Be exact. Print each record as it stands.

### [MATERIAL PROVIDED]

· · · ·

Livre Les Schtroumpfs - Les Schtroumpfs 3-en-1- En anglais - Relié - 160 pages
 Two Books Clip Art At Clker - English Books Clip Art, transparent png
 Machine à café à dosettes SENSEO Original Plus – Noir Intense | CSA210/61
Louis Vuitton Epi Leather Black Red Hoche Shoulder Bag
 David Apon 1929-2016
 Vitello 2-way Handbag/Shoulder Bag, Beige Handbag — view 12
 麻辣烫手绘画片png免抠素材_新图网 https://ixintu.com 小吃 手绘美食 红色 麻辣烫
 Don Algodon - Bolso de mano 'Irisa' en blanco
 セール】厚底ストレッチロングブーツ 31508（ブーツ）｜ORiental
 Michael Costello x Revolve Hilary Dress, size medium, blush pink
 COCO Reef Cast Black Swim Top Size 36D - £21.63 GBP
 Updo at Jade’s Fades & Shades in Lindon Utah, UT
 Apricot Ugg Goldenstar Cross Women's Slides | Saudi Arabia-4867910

· · · ·

### [SOLUTION TO THIS EXERCISE]
Livre Les Schtroumpfs - Les Schtroumpfs 3-en-1- En anglais - Relié - 160 pages
 Two Books Clip Art At Clker - English Books Clip Art, transparent png
 Machine à café à dosettes SENSEO Original Plus – Noir Intense | CSA210/61
Louis Vuitton Epi Leather Black Red Hoche Shoulder Bag
 David Apon 1929-2016
 Vitello 2-way Handbag/Shoulder Bag, Beige Handbag — view 12
 麻辣烫手绘画片png免抠素材_新图网 https://ixintu.com 小吃 手绘美食 红色 麻辣烫
 Don Algodon - Bolso de mano 'Irisa' en blanco
 セール】厚底ストレッチロングブーツ 31508（ブーツ）｜ORiental
 Michael Costello x Revolve Hilary Dress, size medium, blush pink
 COCO Reef Cast Black Swim Top Size 36D - £21.63 GBP
 Updo at Jade’s Fades & Shades in Lindon Utah, UT
 Apricot Ugg Goldenstar Cross Women's Slides | Saudi Arabia-4867910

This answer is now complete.